Nella Falconi-Besozzi-Ferrati, con la quale trascorse la sua ultima stagione nel 1937-38, ebbe un'impennata quando interpretò Maurizio Marchi, una "pastosa espressiva figura di povero uomo dabbene", ne I tre Maurizi di D. Falconi da una novella di M. Praga (teatro Olimpia, 15 febbr. 1937). Poi lasciò che i suoi estimatori lamentassero la sua dedizione esclusiva al cinema che li privava del brivido della sua presenza fisica. Dal 1939 al 1943 affrontò una serie di ben quattordici film, diretti spesso in modo disinvolto, tipici prodotti consolatori del tempo di guerra, dove egli, però, esercitò il mestiere da maestro: ne Il documento di M. Camerini (1939), da una commedia non rappresentata di G. Zorzi, fu un perfetto comm. Larussi accanto a R. Ruggeri; ne La nascita di Salomè di J. Choux (1940), dalla commedia di C. Meano, fu un lodato Aristobulo; nel Don Pasquale di C. Mastrocinque (1940), ricavato con qualche variante dal libretto dell'opera donizettiana, il protagonista caro alle platee anche del teatro lirico; in Sancta Maria di E. Neville e (per la versione italiana) P. L. Faraldo (1941), il primo film di propaganda antibolscevica, un inconsueto padre Lorenzo; ne L'elisir d'amore di A. Palermi (1941), dal libretto dell'opera omonima, un arguto Dulcamara; ne I promessi sposi di M. Camerini (1941) un don Abbondio da manuale quale si immaginava sui banchi di scuola; ma il film-testamento della carriera rimase senza dubbio Se non son matti non li vogliamo di E. Pratelli (1941), dalla commedia omonima in dialetto veneto di G. Rocca: interpretandovi il patetico e crepuscolare Piero Scavezza, si trovò insieme per l'unica volta col Ruggeri e con A. Gandusio, costituendo un trio di memorabile bravura.

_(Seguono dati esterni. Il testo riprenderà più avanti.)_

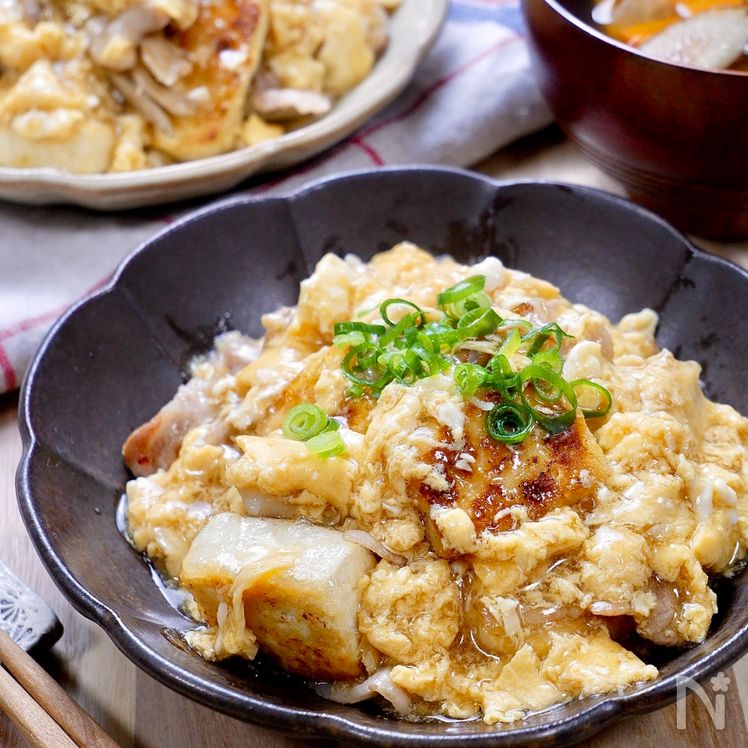 Delicious Japanese-Style Dish! Pork, Tofu, and Maitake Mushrooms with Egg Sauce Process6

Rimasto vedovo dal 1930 della Di Lorenzo, sposò, nell'agosto 1942, Elisabetta Svoboda della compagnia di varietà "Al cavallino bianco", e si concesse qualche periodo di riposo. Il bombardamento aereo su Roma del 19 luglio 1943 lo colse mentre recitava la parte del marchese di Forlimpopoli ne La locandiera di L. Chiarini presso i teatri di posa del Centro sperimentale di cinematografia; costretto a fuggire all'aperto in preda a shock da paura, non fu più in grado di continuare la sua attività e si ritirò a Godiasco (Pavia) insieme con la moglie.
Affetto dal morbo di Parkinson e costretto alla quasi immobilità, spirò il 10 sett. 1954 nella sua abitazione di Milano.
Fonti e Bibl.: La Stampa, 16 nov. 1901; Comoedia (Milano), 20 genn. 1927; necrol. in Il Messaggero, iI sett. 1954; IlDramma (Torino), 15 sett. 1954; Sipario, ottobre 1954; Teatro Scenario, ottobre 1954. D. Oliva, Ilteatro in Italia nel 1909, Milano 1911, pp. 353, 384; A. Cervi, Senza maschera, Bologna 1919, pp. 31-38; Annali del teatro ital., I, Milano 1921, p. 117; II, ibid. 1923, p. 319; A. Lanocita, Attrici e attori in pigiama, Milano 1926, pp. 113-118; G. Rocca, Teatro del mio tempo, Osimo 1935, pp. 85-90; R. Simoni, Trent'anni di critica dramm., I, Torino 1951, pp. 122, 493; II, ibid. 1954, pp. 11, 38; III, ibid. 1955, p. 31; IV, ibid. 1958, pp. 87, 97, 381; F. Savio, Ma l'amore no, Milano 1975, p. 106 e passim; Id., Cinecittà anni Trenta, I, Roma 1979, p. 330; N. Leonelli, Attori tragici, attori comici, pp. 352 ss.; Enc. dello spettacolo, IV, coll. 1805-1808; Filmlexicon degli autori e delle opere, II, coll. 602 s.